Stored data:

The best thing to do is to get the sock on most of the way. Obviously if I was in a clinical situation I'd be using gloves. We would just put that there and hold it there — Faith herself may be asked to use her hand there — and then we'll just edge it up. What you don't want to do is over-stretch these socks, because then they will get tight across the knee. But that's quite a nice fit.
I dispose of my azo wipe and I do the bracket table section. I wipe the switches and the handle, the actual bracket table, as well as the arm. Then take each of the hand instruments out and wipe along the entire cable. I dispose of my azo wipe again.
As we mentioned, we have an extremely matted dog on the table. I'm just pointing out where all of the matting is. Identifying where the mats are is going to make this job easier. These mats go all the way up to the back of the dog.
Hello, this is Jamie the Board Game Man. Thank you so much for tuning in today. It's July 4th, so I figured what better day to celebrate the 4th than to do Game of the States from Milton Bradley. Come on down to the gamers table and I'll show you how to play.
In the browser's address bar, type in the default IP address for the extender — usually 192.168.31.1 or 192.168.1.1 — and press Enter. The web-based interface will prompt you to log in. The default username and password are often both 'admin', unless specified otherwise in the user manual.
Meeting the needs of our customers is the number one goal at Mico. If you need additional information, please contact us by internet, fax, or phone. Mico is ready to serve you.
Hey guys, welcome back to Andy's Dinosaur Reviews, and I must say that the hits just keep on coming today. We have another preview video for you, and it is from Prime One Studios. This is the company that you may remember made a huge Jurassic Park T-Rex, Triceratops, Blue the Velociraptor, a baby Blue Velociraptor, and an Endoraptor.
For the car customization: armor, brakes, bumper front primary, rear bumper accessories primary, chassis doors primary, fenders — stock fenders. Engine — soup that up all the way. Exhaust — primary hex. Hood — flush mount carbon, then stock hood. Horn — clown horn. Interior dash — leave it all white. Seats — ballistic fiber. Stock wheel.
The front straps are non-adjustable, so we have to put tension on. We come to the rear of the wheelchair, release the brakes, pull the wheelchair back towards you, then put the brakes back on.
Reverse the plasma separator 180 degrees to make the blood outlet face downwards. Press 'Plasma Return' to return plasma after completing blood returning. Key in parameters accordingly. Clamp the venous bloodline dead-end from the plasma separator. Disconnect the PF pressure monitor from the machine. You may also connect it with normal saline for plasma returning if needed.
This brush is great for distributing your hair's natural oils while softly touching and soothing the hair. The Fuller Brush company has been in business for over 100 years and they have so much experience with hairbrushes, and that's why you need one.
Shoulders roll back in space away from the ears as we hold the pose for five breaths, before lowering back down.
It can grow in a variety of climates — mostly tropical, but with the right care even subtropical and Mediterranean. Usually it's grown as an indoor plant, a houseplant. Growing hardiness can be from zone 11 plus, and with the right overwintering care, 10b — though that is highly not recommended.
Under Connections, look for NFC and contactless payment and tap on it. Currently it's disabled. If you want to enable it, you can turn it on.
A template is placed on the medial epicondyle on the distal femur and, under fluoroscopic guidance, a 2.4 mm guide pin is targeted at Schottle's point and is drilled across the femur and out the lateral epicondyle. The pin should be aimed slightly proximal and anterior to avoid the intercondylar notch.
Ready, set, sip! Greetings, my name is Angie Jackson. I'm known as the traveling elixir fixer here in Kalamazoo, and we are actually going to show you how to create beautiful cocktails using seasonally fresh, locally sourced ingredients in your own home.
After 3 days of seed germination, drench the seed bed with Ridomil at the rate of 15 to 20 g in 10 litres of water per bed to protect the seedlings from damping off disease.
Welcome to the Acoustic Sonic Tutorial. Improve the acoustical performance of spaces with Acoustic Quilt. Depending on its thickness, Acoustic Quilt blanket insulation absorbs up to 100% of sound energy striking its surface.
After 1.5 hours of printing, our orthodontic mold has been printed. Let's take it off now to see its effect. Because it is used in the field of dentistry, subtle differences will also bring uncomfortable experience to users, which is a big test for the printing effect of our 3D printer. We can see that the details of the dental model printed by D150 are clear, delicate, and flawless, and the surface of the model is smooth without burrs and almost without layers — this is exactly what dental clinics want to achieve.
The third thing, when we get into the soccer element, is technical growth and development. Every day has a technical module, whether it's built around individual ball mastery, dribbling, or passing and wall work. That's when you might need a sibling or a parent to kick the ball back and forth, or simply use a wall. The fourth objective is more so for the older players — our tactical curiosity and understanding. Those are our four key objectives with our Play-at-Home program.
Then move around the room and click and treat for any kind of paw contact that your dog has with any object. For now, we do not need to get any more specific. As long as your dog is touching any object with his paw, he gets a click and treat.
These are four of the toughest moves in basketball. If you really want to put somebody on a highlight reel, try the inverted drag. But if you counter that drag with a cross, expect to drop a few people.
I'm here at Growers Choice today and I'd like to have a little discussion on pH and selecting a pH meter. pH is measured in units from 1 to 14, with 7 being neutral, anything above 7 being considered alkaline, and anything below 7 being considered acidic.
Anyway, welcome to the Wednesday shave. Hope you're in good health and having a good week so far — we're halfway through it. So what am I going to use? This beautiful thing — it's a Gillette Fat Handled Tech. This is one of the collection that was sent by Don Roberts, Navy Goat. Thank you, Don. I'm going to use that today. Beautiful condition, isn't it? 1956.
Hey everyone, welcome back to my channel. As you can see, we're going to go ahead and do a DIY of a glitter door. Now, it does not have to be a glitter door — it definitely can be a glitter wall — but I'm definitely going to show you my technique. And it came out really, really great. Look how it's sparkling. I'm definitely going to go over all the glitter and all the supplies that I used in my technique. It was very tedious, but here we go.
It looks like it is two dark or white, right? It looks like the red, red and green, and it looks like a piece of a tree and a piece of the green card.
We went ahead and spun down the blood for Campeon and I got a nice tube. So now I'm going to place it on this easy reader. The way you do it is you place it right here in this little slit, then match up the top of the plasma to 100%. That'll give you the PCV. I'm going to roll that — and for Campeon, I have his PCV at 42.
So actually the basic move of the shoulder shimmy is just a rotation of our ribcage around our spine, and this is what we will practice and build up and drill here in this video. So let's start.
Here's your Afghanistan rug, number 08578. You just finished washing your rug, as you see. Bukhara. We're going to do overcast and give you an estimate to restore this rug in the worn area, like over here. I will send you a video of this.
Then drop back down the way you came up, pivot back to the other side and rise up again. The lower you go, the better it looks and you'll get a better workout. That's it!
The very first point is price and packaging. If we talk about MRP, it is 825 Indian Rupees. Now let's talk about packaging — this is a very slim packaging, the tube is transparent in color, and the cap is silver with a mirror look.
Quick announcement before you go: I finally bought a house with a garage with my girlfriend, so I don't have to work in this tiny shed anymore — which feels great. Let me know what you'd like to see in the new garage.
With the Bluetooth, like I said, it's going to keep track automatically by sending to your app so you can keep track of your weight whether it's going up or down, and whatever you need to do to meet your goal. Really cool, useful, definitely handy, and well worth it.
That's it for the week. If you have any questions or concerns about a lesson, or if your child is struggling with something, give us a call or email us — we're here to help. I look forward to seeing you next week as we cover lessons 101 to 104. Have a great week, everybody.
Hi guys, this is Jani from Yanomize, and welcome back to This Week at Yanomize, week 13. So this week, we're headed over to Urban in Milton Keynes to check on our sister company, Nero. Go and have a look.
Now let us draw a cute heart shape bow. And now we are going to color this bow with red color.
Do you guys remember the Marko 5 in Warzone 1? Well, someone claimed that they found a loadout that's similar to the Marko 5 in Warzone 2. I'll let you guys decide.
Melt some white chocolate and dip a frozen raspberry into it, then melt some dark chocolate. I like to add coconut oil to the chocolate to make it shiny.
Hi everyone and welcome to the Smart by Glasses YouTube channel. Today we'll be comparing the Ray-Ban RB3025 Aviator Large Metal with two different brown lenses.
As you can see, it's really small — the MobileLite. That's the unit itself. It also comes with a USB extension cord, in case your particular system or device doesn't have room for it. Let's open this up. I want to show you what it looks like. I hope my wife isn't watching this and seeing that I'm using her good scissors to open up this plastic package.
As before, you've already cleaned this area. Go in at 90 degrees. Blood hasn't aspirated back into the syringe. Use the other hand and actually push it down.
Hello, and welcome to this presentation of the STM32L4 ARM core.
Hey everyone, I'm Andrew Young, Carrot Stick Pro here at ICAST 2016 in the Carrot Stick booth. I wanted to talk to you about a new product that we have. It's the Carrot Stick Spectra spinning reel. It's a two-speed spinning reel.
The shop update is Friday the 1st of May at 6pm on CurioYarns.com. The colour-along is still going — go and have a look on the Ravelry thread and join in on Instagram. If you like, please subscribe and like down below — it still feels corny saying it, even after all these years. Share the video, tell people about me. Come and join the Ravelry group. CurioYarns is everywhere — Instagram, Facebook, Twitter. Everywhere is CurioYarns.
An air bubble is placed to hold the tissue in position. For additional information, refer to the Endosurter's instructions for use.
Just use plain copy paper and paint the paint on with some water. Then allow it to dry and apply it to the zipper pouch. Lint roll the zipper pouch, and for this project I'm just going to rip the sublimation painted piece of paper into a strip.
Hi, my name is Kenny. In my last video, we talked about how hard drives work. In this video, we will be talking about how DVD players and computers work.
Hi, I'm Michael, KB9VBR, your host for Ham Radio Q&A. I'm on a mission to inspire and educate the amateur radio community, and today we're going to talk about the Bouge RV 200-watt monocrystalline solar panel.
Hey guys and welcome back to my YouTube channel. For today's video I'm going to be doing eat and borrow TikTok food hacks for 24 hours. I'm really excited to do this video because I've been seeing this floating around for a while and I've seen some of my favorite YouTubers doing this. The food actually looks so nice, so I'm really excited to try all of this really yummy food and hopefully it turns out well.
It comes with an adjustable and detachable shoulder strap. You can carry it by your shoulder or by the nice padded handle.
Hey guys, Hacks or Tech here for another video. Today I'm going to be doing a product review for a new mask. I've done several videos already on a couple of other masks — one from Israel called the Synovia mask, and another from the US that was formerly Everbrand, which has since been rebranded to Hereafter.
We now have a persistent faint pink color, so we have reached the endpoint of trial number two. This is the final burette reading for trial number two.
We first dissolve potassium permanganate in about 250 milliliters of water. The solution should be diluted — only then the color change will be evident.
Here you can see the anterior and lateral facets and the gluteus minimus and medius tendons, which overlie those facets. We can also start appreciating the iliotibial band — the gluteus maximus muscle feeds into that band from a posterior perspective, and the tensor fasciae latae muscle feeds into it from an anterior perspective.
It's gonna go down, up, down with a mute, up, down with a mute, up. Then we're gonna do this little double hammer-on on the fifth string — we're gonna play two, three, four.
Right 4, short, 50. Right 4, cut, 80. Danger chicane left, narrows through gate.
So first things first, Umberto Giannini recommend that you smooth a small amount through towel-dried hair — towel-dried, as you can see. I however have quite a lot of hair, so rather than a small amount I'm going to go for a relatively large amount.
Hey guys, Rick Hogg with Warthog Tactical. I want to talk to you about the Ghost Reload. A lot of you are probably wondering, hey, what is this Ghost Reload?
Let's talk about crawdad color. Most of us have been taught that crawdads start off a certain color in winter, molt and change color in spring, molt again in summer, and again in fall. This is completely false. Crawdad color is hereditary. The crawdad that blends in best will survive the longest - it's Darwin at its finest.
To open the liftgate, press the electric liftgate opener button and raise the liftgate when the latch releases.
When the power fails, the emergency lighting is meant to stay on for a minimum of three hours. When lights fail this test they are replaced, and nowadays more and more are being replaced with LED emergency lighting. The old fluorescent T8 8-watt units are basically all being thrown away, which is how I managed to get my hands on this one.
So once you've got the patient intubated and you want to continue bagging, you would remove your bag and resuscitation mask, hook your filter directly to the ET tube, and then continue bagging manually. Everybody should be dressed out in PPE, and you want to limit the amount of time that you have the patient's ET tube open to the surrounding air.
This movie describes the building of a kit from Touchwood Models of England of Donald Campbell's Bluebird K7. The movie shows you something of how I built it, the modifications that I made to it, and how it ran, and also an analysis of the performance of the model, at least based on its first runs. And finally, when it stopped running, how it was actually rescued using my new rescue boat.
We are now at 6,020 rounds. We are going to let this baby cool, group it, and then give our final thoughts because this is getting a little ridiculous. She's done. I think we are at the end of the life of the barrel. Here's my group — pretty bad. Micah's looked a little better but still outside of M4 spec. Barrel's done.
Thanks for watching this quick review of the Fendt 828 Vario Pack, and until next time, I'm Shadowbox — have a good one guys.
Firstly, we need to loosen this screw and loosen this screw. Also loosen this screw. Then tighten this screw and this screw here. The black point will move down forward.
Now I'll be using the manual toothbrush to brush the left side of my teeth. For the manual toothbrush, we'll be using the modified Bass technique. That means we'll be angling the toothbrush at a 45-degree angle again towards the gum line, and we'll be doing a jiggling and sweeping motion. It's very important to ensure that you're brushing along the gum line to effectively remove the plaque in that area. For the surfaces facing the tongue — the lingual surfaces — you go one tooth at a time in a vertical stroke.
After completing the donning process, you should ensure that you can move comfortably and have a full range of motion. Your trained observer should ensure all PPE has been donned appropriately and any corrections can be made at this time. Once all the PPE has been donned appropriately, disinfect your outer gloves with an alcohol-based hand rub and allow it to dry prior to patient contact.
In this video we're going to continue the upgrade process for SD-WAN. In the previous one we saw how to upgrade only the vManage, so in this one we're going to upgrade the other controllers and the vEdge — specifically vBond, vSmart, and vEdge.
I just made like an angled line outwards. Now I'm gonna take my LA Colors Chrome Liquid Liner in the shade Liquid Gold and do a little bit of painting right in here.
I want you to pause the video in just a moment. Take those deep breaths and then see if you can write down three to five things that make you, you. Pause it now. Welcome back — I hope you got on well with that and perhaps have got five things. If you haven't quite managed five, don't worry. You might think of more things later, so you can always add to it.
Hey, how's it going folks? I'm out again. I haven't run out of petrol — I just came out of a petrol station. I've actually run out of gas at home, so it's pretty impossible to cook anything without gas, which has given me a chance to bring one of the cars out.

-- Work required --
In exact wording, restate the lines of the data above from the first through the one holding "Hello, this is", and stop after that line.

-- Output below --
The best thing to do is to get the sock on most of the way. Obviously if I was in a clinical situation I'd be using gloves. We would just put that there and hold it there — Faith herself may be asked to use her hand there — and then we'll just edge it up. What you don't want to do is over-stretch these socks, because then they will get tight across the knee. But that's quite a nice fit.
I dispose of my azo wipe and I do the bracket table section. I wipe the switches and the handle, the actual bracket table, as well as the arm. Then take each of the hand instruments out and wipe along the entire cable. I dispose of my azo wipe again.
As we mentioned, we have an extremely matted dog on the table. I'm just pointing out where all of the matting is. Identifying where the mats are is going to make this job easier. These mats go all the way up to the back of the dog.
Hello, this is Jamie the Board Game Man. Thank you so much for tuning in today. It's July 4th, so I figured what better day to celebrate the 4th than to do Game of the States from Milton Bradley. Come on down to the gamers table and I'll show you how to play.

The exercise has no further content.